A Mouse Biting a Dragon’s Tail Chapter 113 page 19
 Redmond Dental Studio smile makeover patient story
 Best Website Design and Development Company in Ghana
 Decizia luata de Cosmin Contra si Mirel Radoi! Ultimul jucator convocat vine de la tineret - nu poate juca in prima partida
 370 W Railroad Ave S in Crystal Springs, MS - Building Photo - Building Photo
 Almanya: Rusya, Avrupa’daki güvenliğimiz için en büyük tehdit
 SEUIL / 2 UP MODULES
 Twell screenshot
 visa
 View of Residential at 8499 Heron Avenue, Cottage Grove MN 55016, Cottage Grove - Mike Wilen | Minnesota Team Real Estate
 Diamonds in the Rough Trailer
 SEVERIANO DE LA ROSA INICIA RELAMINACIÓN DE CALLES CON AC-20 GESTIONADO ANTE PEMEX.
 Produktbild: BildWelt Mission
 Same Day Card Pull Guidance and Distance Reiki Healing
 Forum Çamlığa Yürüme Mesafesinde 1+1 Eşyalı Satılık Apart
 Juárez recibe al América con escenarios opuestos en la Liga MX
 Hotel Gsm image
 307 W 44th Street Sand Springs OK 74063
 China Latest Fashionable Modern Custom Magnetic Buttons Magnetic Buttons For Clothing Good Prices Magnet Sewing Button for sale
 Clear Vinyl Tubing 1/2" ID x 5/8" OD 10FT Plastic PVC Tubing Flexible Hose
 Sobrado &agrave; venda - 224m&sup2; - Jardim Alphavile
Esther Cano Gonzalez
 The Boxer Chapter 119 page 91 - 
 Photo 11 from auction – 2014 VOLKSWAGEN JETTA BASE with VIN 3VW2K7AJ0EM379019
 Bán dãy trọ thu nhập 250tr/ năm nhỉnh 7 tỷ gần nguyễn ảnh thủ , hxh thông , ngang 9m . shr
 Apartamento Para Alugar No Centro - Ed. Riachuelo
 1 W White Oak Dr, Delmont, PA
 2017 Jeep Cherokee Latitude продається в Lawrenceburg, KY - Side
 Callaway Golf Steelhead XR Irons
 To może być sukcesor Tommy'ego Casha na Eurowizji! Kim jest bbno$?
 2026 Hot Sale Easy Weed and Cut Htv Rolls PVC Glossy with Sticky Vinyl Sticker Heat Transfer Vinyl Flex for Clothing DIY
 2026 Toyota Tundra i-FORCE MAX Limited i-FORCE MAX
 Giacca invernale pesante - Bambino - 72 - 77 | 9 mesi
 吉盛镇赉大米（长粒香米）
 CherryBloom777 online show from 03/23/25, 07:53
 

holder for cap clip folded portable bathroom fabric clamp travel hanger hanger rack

◆ **Exercise details**: Once you have read the entries, repeat them all exactly.

◆ **Written solution**:
A Mouse Biting a Dragon’s Tail Chapter 113 page 19
 Redmond Dental Studio smile makeover patient story
 Best Website Design and Development Company in Ghana
 Decizia luata de Cosmin Contra si Mirel Radoi! Ultimul jucator convocat vine de la tineret - nu poate juca in prima partida
 370 W Railroad Ave S in Crystal Springs, MS - Building Photo - Building Photo
 Almanya: Rusya, Avrupa’daki güvenliğimiz için en büyük tehdit
 SEUIL / 2 UP MODULES
 Twell screenshot
 visa
 View of Residential at 8499 Heron Avenue, Cottage Grove MN 55016, Cottage Grove - Mike Wilen | Minnesota Team Real Estate
 Diamonds in the Rough Trailer
 SEVERIANO DE LA ROSA INICIA RELAMINACIÓN DE CALLES CON AC-20 GESTIONADO ANTE PEMEX.
 Produktbild: BildWelt Mission
 Same Day Card Pull Guidance and Distance Reiki Healing
 Forum Çamlığa Yürüme Mesafesinde 1+1 Eşyalı Satılık Apart
 Juárez recibe al América con escenarios opuestos en la Liga MX
 Hotel Gsm image
 307 W 44th Street Sand Springs OK 74063
 China Latest Fashionable Modern Custom Magnetic Buttons Magnetic Buttons For Clothing Good Prices Magnet Sewing Button for sale
 Clear Vinyl Tubing 1/2" ID x 5/8" OD 10FT Plastic PVC Tubing Flexible Hose
 Sobrado &agrave; venda - 224m&sup2; - Jardim Alphavile
Esther Cano Gonzalez
 The Boxer Chapter 119 page 91 - 
 Photo 11 from auction – 2014 VOLKSWAGEN JETTA BASE with VIN 3VW2K7AJ0EM379019
 Bán dãy trọ thu nhập 250tr/ năm nhỉnh 7 tỷ gần nguyễn ảnh thủ , hxh thông , ngang 9m . shr
 Apartamento Para Alugar No Centro - Ed. Riachuelo
 1 W White Oak Dr, Delmont, PA
 2017 Jeep Cherokee Latitude продається в Lawrenceburg, KY - Side
 Callaway Golf Steelhead XR Irons
 To może być sukcesor Tommy'ego Casha na Eurowizji! Kim jest bbno$?
 2026 Hot Sale Easy Weed and Cut Htv Rolls PVC Glossy with Sticky Vinyl Sticker Heat Transfer Vinyl Flex for Clothing DIY
 2026 Toyota Tundra i-FORCE MAX Limited i-FORCE MAX
 Giacca invernale pesante - Bambino - 72 - 77 | 9 mesi
 吉盛镇赉大米（长粒香米）
 CherryBloom777 online show from 03/23/25, 07:53
 

holder for cap clip folded portable bathroom fabric clamp travel hanger hanger rack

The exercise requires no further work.